DNA extraction, PCR amplification and MiSeq sequencing
The genomic DNA was extracted from a total of 21 samples taken from seven fermentation stages using Soil DNA Kit (Omega Bio-tek, Inc.) following the manufacturer’s protocol. The DNA quality and quantity were determined by NanoDrop 2000 (Thermo, USA). For prokaryotes, the V4 hypervariable region of the 16S rRNA genes was amplified using universal primer 515F and 909R . For eukaryotes, the ITS2 region of fungal rRNA gene was amplified using universal primer ITS4 and ITS7 . Primer 515F and ITS4 were added with barcodes. PCR conditions were described in detail previously . The amplified PCR products were analyzed through a 1%(wt/vol) agarose gel and purified using a PCR purification kit (GE0101–50, TSINGKE). The concentrations of PCR purified products were assessed by NanoDrop 2000 (Thermo, USA). Subsequently, purified amplicons of all samples were equally pooled for constructing a PCR amplicon library, according to the protocols of the Illumina TruSeq. DNA sample preparation LT kit (San Diego, CA, USA), and then subjected to sequencing using the Illumina MiSeq platform at the Environmental Genomic Platform of the Chengdu Institute of Biology, CAS.
Sequencing data analysis
Sequencing data analysis was performed by QIIME Pipeline Version 1.7.0 . The raw sequences were sorted with their unique barcodes. Sequences with low quality, read length below 200 bp as well as average base quality score less than 30, were filtered out. Chimera sequences were removed utilizing Uchime algorithm .
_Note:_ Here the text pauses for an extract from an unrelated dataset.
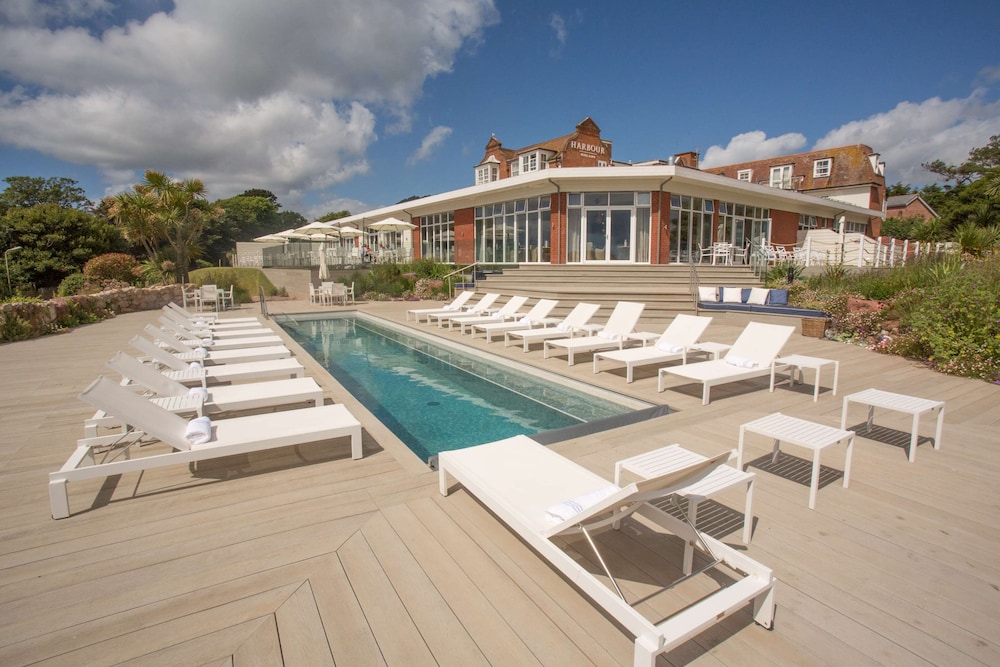 Sidmouth Harbour Hotel 61/64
Sequences were clustered into operational taxonomic units (OTUs) at a 97% identity threshold. Each sample was rarefied to the same number of reads (10,568 reads for 16S rRNA gene and 4937 reads for ITS gene, respectively) for both alpha-diversity (chao1 estimator of richness, observed species and Shannon’s index) and beta-diversity (PCoA, UniFrac) analyses. Taxonomy was assigned using the Ribosomal Database Project classifier (http://rdp.cme.msu.edu/).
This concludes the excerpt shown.